CEO Apple’a dość sceptycznie podchodzi do najnowszego technologicznego gadżetu giganta z Mountain View. Wczoraj podczas sesji otwierającej konferencję D11, Tim Cook podkreślił, że projekt Glass być może zainteresuje grupkę pasjonatów, ale nigdy nie spotka się z szerszym zainteresowaniem.

„Sam noszę okulary, bo po prostu muszę. Nie znam zbyt wielu osób, które noszą je z wyboru. Jeśli już, to takie osoby chcą, aby ich okulary były lekkie, dyskretne i modne… Wydaje mi się, że z punktu widzenia rynkowego mainstreamu [okulary jako elektroniczny gadżet], to trudny produkt. Bardziej naturalnym miejscem do noszenia elektronicznego gadżetu jest nadgarstek” - powiedział Tim Cook.

Szef Apple’a podkreślił, że już w niedalekiej przyszłości elektroniczne gadżety będą miały ogromne znaczenia na rynku, a w rywalizację włączą się największe firmy na świecie. Tim Cook nie zdradził jednak, czy Apple również weźmie udział w tej technologicznej bitwie, choć jest to raczej pewne.

„Już teraz na rynku jest sporo gadżetów, które możemy nosić, ale żaden z nich nie ma tego czegoś. Żaden z nich nie przekona również nastolatka do noszenia okularów, czy też opaski, jeśli nie jest on tym zainteresowany. W tej kwestii istnieje sporo problemów, które trzeba jeszcze rozwiązać” – podkreślił Cook.

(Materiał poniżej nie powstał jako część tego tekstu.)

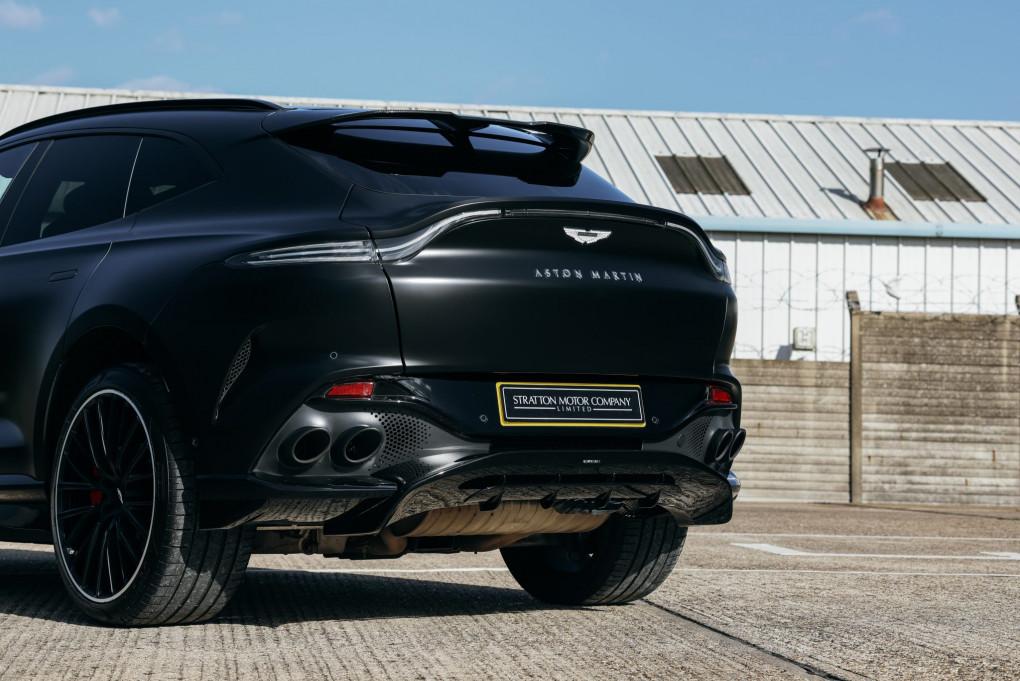2023 Aston Martin DBX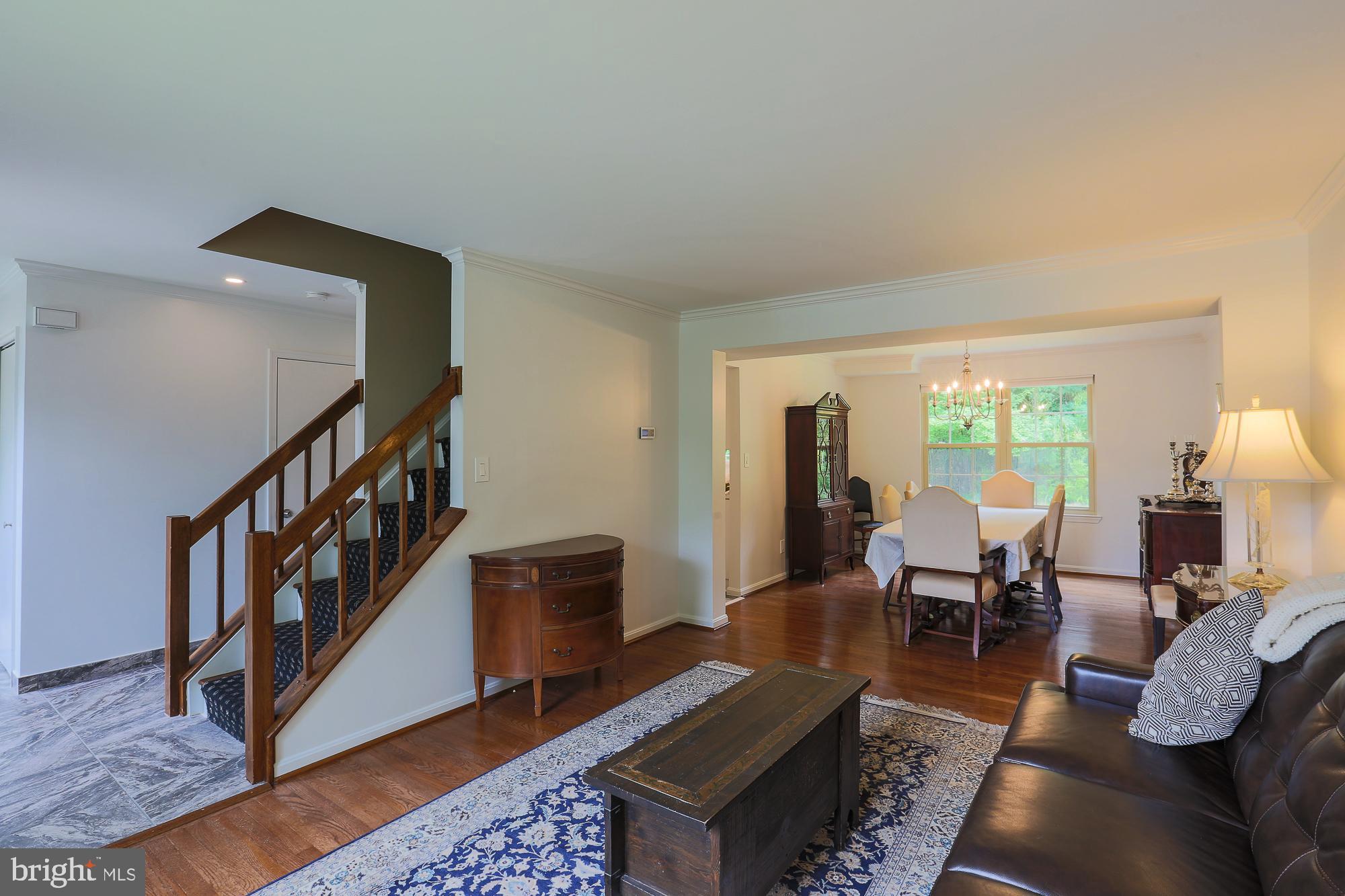 3020 Temple Gate Road Baltimore, MD 21209 - Photo 7 of 37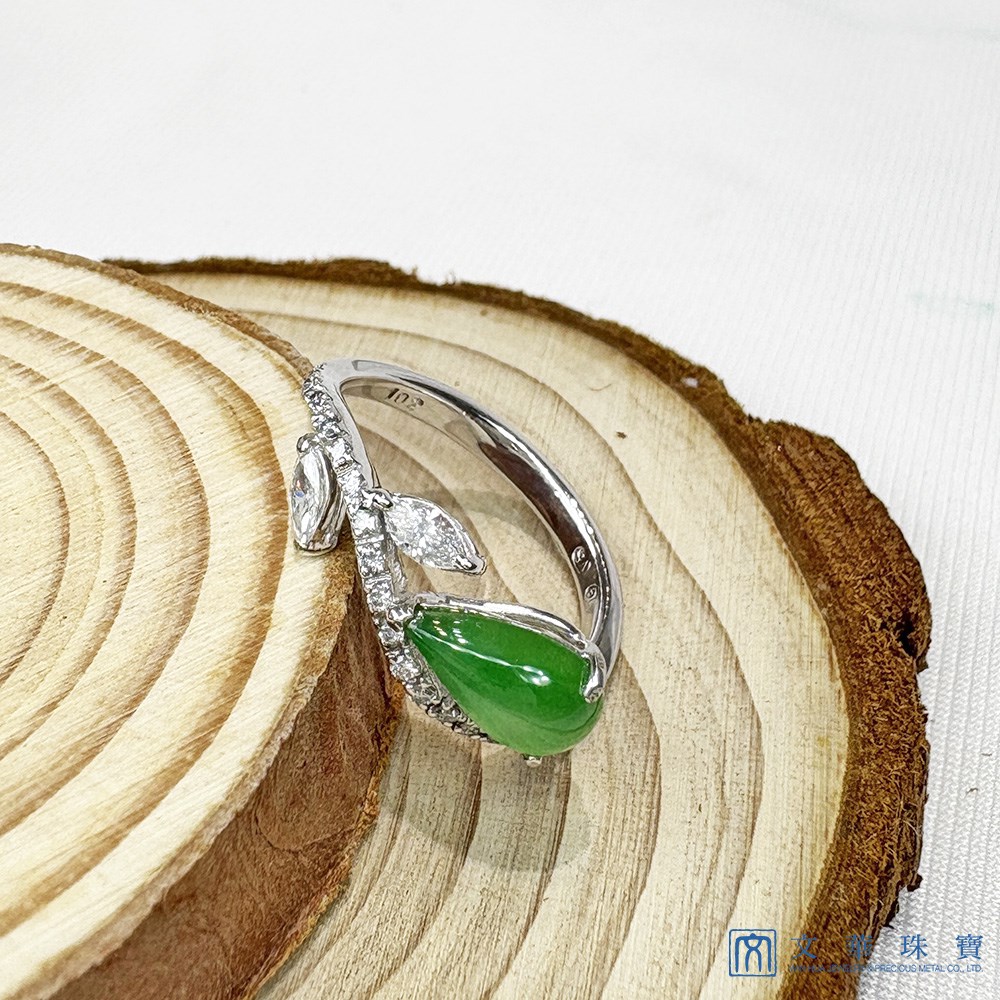 翡翠水滴藤蔓鑽戒 國際圍11號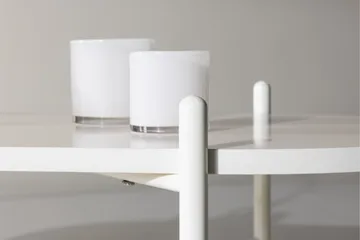 Pueblo 65,5 cm Ovalt Sofabord i Lyst Tre - Hvit - Møbler - Bord - Sofabord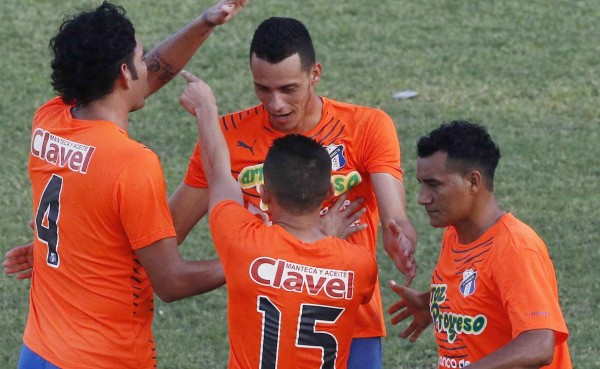 Ángel Tejeda aún puede salir al extranjero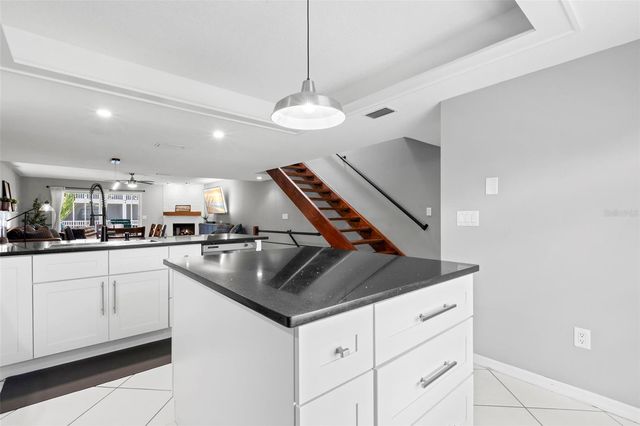 737 PINELLAS BAYWAY S 308, St Petersburg, FL 33715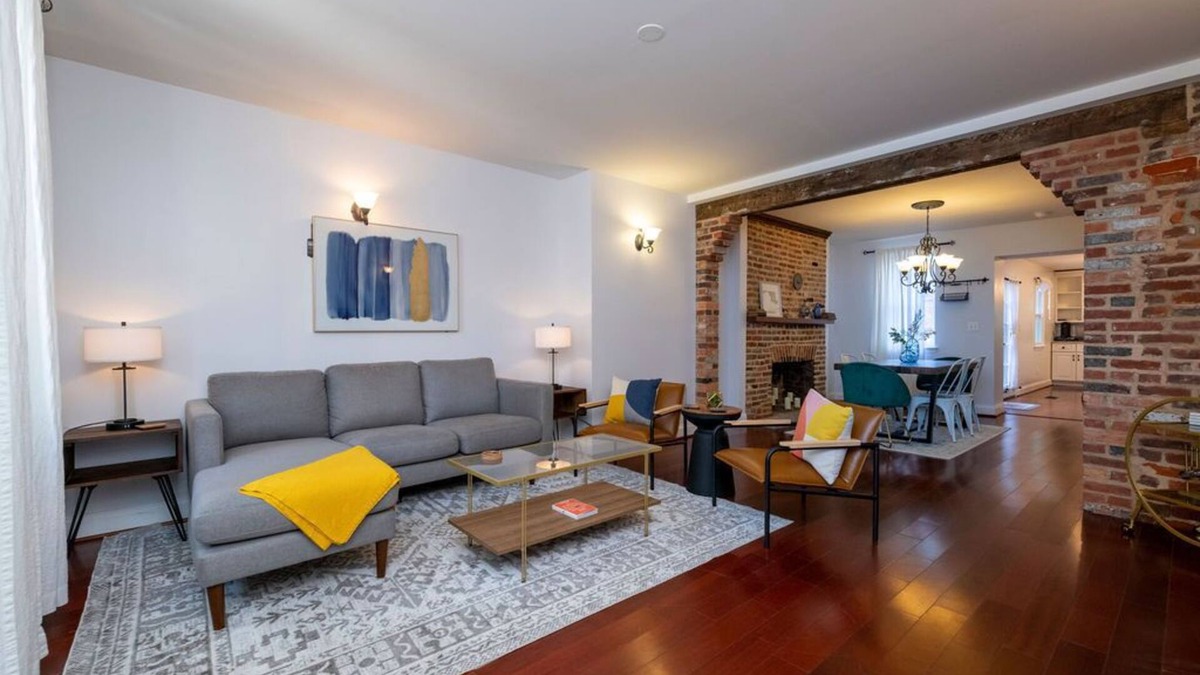 Fells Point House | Charming 4 bedroom home just steps to the water!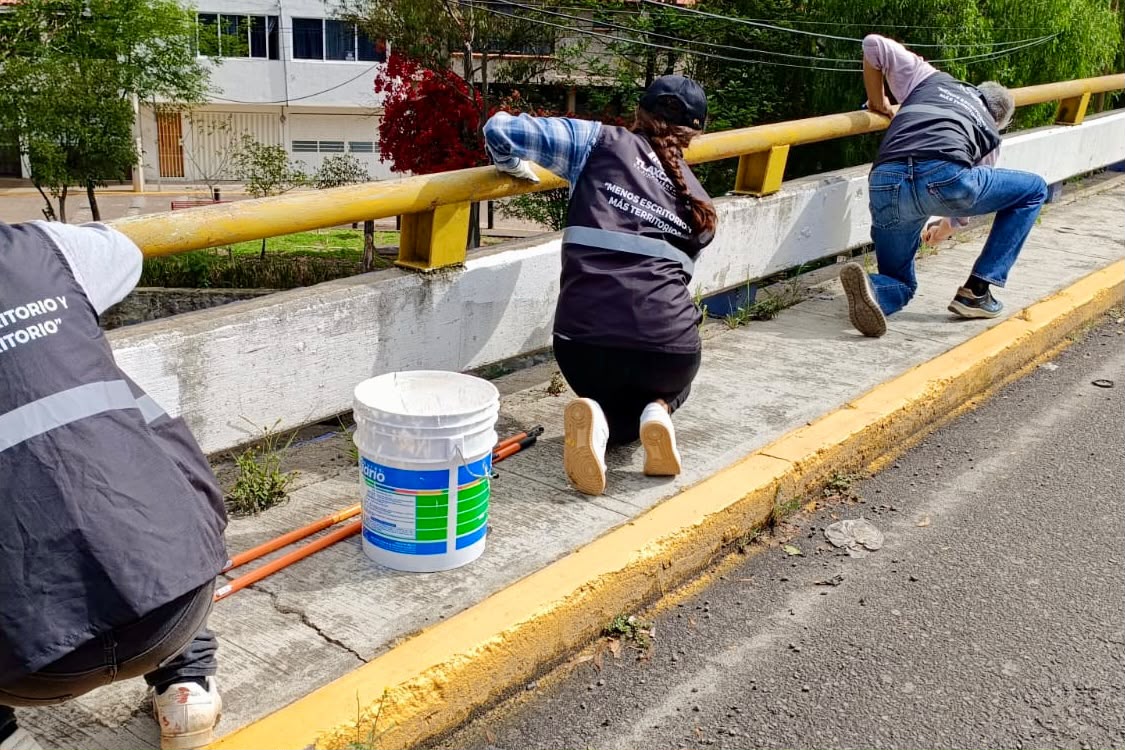 ¡MÁS SEGURIDAD PARA PEATONES Y AUTOMOVILISTAS! AVANZAN TRABAJOS DE SEÑALIZACIÓN Y MEJORAMIENTO URBANO EN TIZATLÁN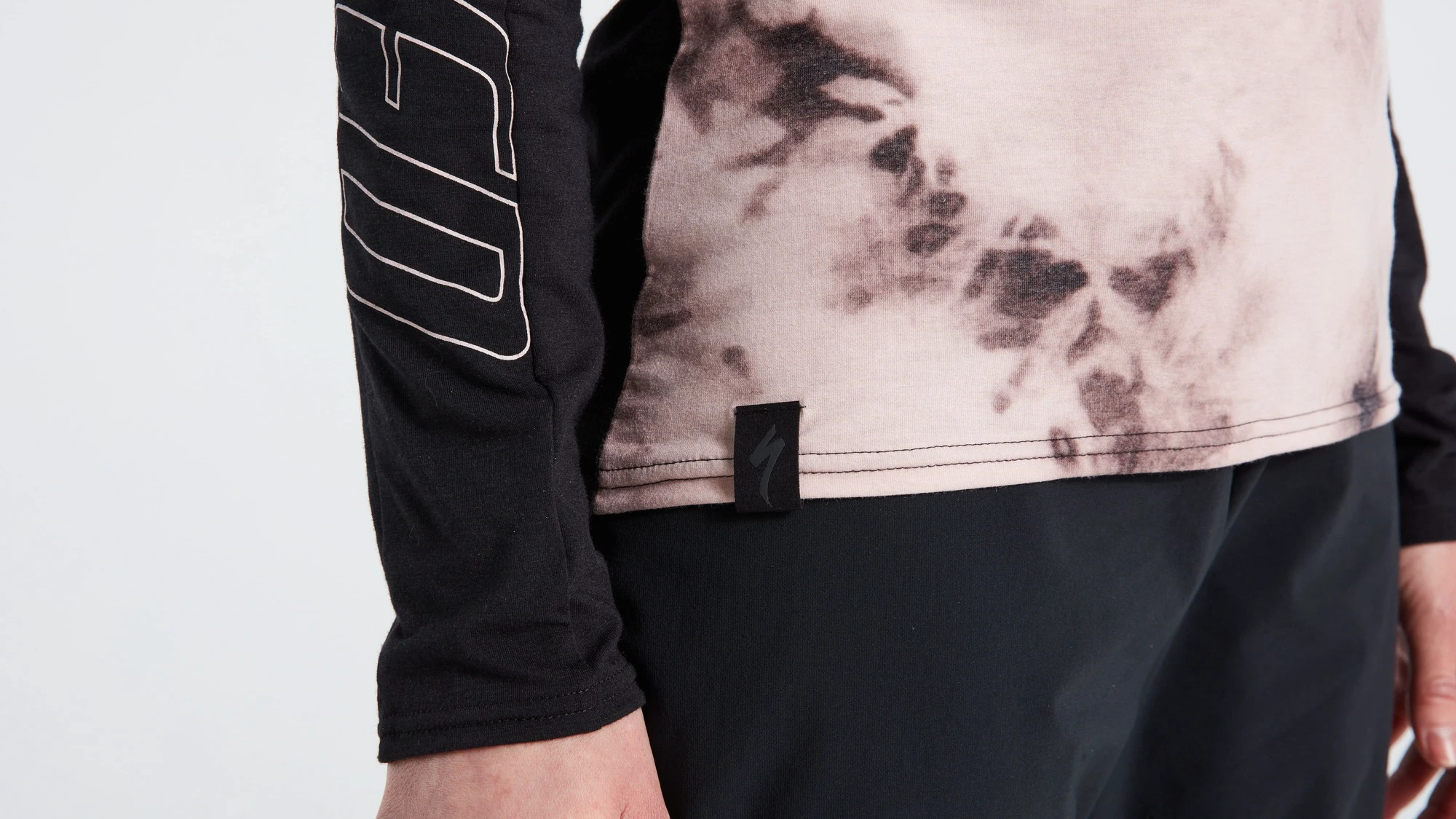4. Tricou Ciclism SPECIALIZED Women's Altered Trail (L/S) - Blush XS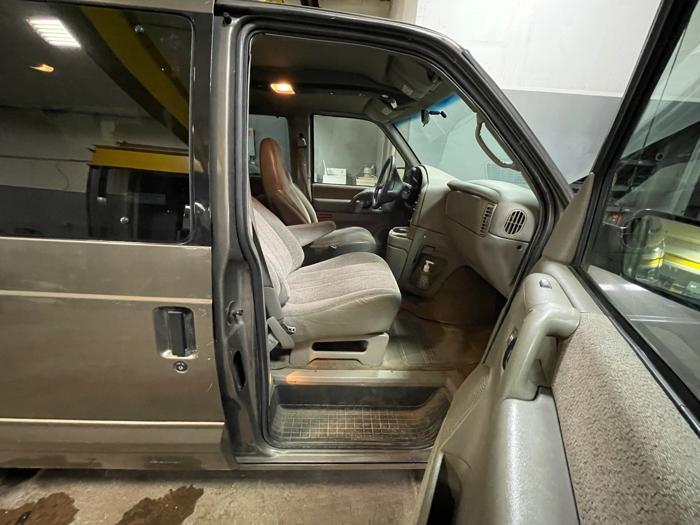 1999 chevrolet astro awd with 120964 miles for sale near elk-river, minnesota 06c1ceb1134d4b5b8f006d5cce176afe.jpeg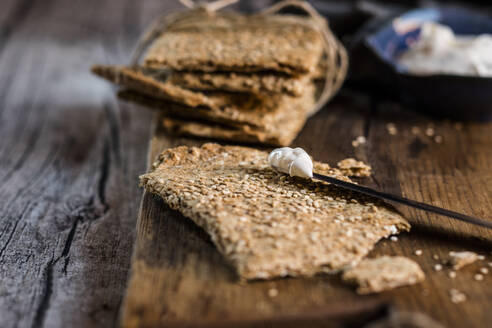 Fresh gluten-free crispbread with flax seed - SBDF04516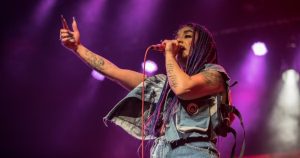 Detención de Flor de Rap por Movilizarse en un Vehículo Robado - Detienen a Flor de Rap en vehículo robado en Ñuñoa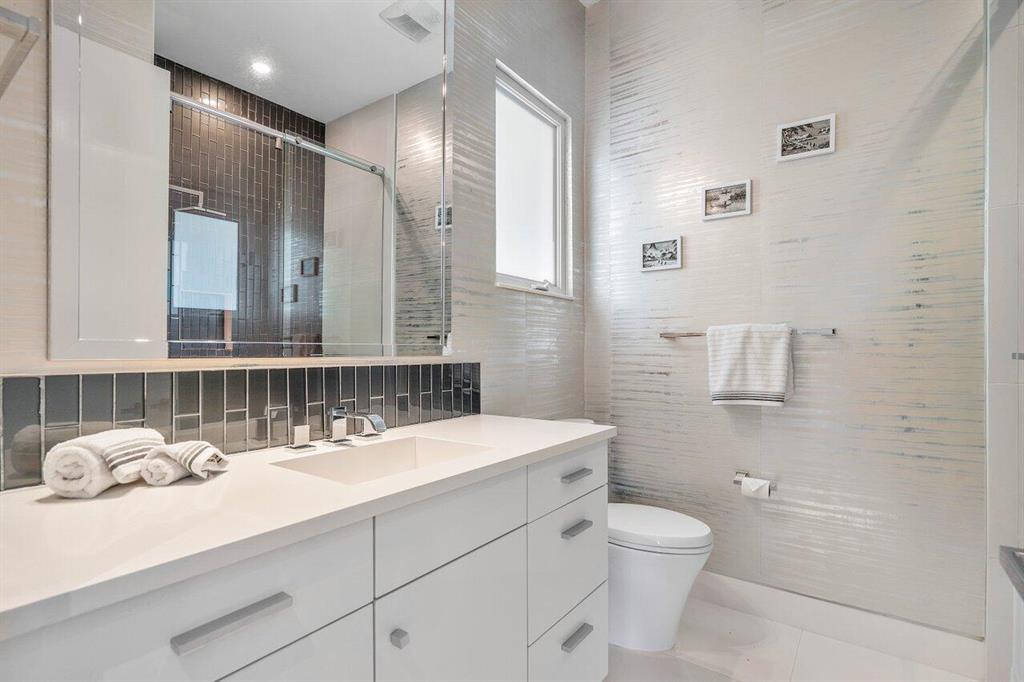 FRENCHMANS CREEK - Residential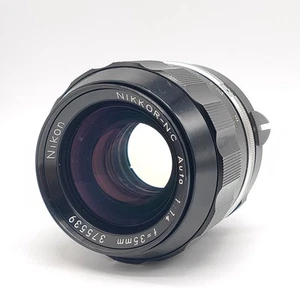CLA'd "COMO NUEVO " Nikon Nikkor-NC Auto 35mm f1.4 Gran Angular Non-Ai MF... - Imagen 1 de 11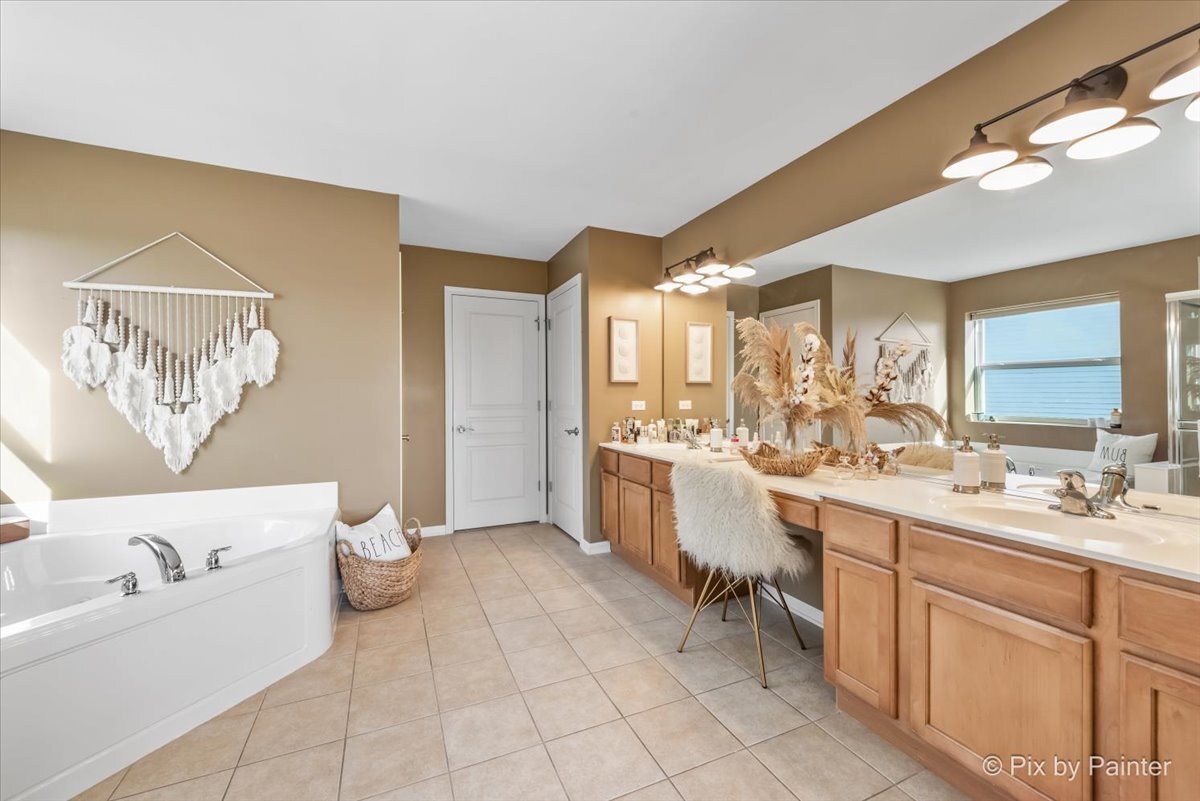 1328 Blue Heron Circle, Antioch, IL 60002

Już od kilku miesięcy nieoficjalnie mówi się o tym, że Apple usilnie pracuje nad stworzeniem nowego elektronicznego gadżetu, którym najprawdopodobniej będzie zegarek – iWatch. Bardzo możliwe, że zostanie on zaprezentowany już podczas deweloperskiej konferencji WWDC, która odbędzie w San Fransisco, w dniach od 10 do 14 czerwca br.